- PROBLEM STATEMENT: Leave out the pictures and retype everything else in the records below exactly.

- RECORDS FOR THE EXERCISE:
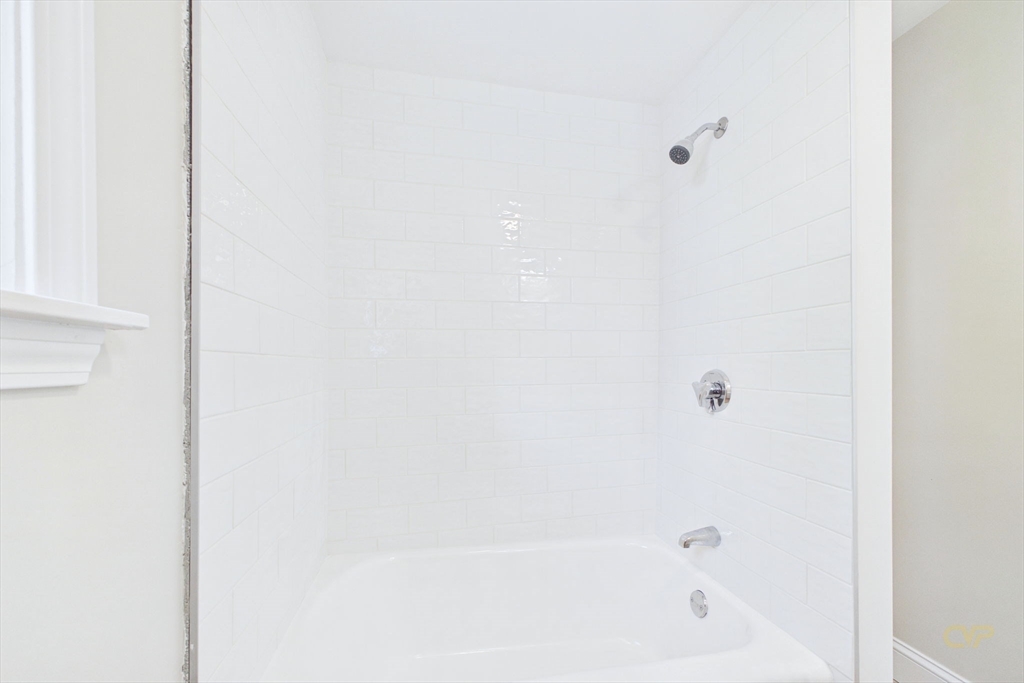 201 Wade Street Fall River, MA 02721 - Photo 13 of 38
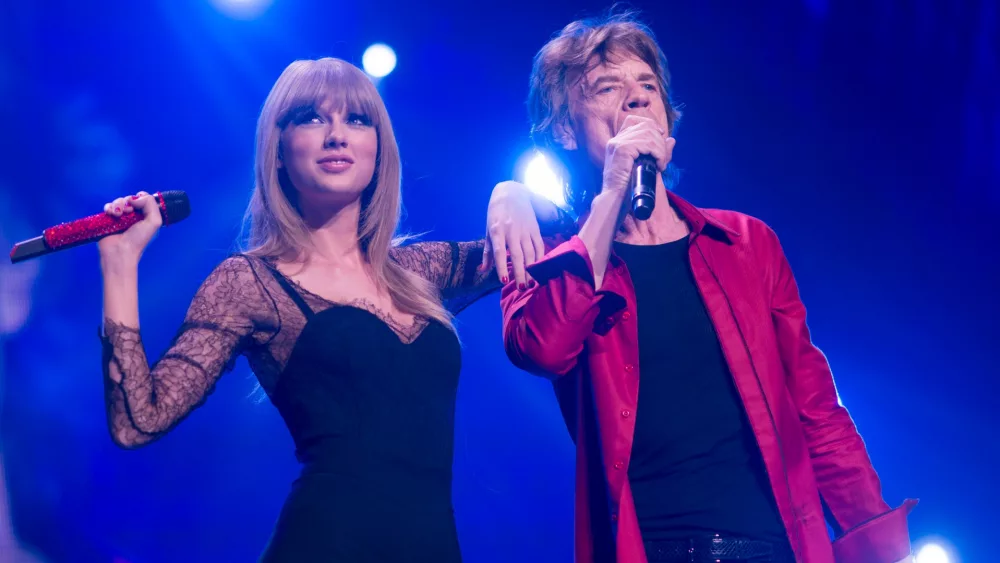 getty_taylorswiftandmickjagger_112823_0115169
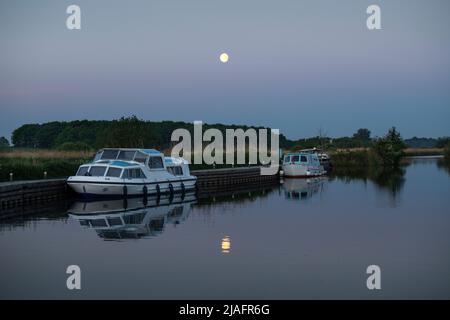 Norfolk Broads Norfolk Dawn England May 2022 der Broads (bekannt für Marketingzwecke als Broads National Park) ist ein Netzwerk von meist schiffbaren ri Stockfoto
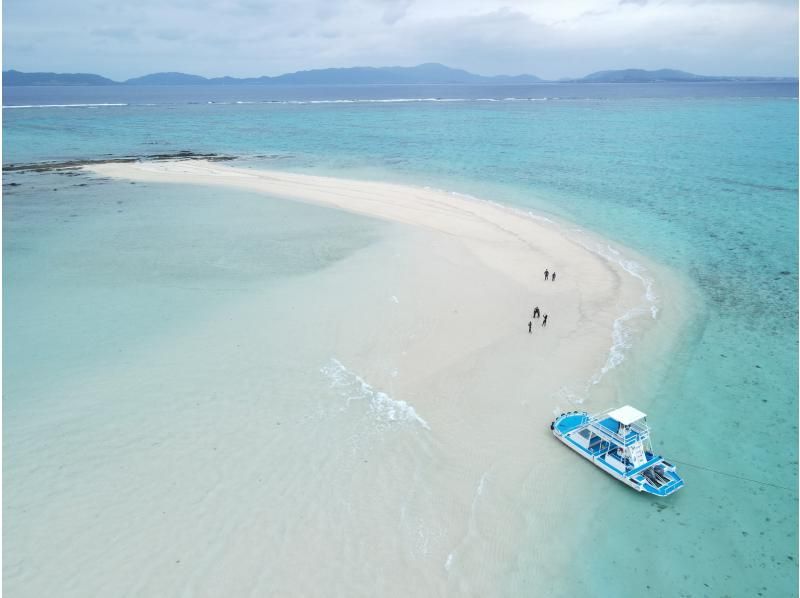 [Okinawa Prefecture, Ishigaki Island City Departure] PM Experience Diving Course (Phantom Island ☆ Hamajima Landing Snorkeling Included)の紹介画像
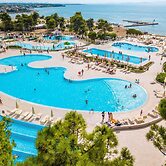 Apartments in Zaton With Pool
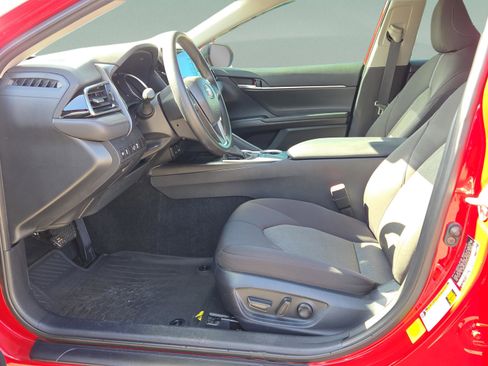 Used 2024 Toyota Camry LE image 11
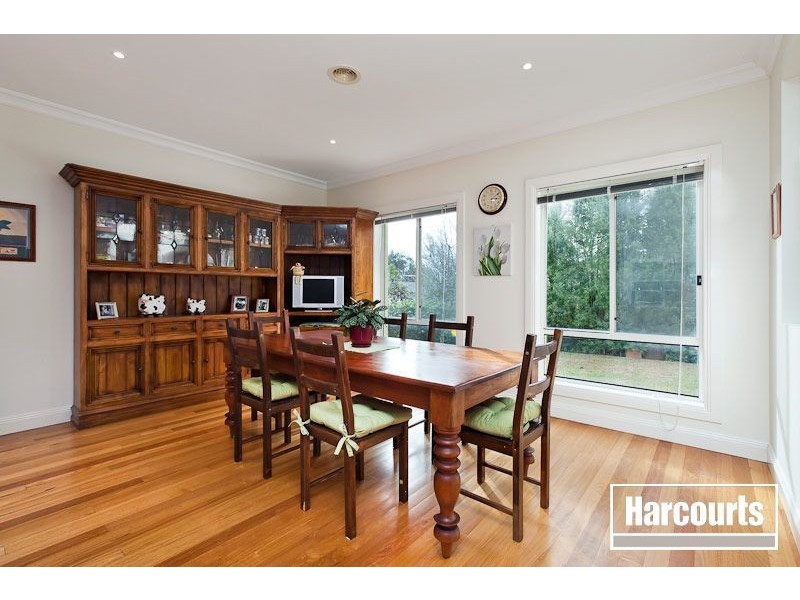 12 Hawkesbury Street, Berwick VIC 3806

- RESULT OF THIS EXERCISE:
 201 Wade Street Fall River, MA 02721 - Photo 13 of 38
 getty_taylorswiftandmickjagger_112823_0115169
 Norfolk Broads Norfolk Dawn England May 2022 der Broads (bekannt für Marketingzwecke als Broads National Park) ist ein Netzwerk von meist schiffbaren ri Stockfoto
 [Okinawa Prefecture, Ishigaki Island City Departure] PM Experience Diving Course (Phantom Island ☆ Hamajima Landing Snorkeling Included)の紹介画像
 Apartments in Zaton With Pool
 Used 2024 Toyota Camry LE image 11
 12 Hawkesbury Street, Berwick VIC 3806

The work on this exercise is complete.